RECORDS SHOWN ::

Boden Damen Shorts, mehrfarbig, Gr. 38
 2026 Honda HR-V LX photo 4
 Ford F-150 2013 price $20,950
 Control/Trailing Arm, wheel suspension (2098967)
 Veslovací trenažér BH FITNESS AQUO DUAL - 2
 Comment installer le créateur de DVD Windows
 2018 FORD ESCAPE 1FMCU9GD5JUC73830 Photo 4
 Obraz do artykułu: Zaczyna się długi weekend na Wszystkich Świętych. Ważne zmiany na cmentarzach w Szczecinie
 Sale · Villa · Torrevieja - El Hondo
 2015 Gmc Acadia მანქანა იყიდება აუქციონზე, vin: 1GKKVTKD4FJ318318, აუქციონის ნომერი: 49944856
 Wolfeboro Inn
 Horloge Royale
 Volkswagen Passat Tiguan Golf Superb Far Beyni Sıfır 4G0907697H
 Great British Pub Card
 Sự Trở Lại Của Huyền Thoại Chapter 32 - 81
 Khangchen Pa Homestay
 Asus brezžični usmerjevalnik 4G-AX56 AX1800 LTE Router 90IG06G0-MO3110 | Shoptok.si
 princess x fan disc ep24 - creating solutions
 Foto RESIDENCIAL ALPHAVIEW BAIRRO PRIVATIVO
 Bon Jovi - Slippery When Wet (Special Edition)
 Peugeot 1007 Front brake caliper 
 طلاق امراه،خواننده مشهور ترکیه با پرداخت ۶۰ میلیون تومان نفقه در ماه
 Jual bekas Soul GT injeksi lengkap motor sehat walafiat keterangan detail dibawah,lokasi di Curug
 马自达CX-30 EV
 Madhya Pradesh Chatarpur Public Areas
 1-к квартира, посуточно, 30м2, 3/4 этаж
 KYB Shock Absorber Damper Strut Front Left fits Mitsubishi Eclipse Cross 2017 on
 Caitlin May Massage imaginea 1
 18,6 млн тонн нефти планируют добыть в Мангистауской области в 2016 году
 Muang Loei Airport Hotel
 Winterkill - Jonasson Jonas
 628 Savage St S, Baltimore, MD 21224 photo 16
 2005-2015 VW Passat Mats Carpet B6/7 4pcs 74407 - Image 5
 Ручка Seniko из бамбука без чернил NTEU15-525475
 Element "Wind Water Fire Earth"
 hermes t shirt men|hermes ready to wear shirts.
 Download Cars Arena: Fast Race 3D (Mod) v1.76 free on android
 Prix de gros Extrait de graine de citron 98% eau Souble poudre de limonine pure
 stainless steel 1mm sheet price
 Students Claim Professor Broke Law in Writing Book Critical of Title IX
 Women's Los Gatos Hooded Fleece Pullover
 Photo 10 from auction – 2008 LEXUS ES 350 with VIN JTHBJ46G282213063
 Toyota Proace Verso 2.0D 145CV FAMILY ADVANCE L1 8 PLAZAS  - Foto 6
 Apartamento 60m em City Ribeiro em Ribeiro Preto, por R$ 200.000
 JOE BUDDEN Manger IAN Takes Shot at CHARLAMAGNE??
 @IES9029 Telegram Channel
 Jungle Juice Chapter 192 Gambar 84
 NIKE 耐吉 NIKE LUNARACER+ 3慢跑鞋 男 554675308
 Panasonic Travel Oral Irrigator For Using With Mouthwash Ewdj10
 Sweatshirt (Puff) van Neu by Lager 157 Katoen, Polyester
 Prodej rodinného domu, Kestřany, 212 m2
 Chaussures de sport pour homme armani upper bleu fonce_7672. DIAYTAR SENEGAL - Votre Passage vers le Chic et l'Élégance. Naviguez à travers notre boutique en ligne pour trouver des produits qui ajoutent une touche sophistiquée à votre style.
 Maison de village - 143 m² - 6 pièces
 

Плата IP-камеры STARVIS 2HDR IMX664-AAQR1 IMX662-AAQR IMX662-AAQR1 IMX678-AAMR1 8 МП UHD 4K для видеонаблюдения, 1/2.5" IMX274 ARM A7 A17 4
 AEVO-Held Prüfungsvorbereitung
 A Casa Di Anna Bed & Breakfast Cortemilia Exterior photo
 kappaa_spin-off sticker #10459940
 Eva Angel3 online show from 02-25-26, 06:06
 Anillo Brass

WHAT IS EXPECTED ::
The lines above, starting at the one with "Students Claim Professor" and ending at the one with "Prodej rodinného domu, Kestřany, 212 m2", are the only ones to return, exactly as written.

RESPONSE TO THE TASK ::
 Students Claim Professor Broke Law in Writing Book Critical of Title IX
 Women's Los Gatos Hooded Fleece Pullover
 Photo 10 from auction – 2008 LEXUS ES 350 with VIN JTHBJ46G282213063
 Toyota Proace Verso 2.0D 145CV FAMILY ADVANCE L1 8 PLAZAS  - Foto 6
 Apartamento 60m em City Ribeiro em Ribeiro Preto, por R$ 200.000
 JOE BUDDEN Manger IAN Takes Shot at CHARLAMAGNE??
 @IES9029 Telegram Channel
 Jungle Juice Chapter 192 Gambar 84
 NIKE 耐吉 NIKE LUNARACER+ 3慢跑鞋 男 554675308
 Panasonic Travel Oral Irrigator For Using With Mouthwash Ewdj10
 Sweatshirt (Puff) van Neu by Lager 157 Katoen, Polyester
 Prodej rodinného domu, Kestřany, 212 m2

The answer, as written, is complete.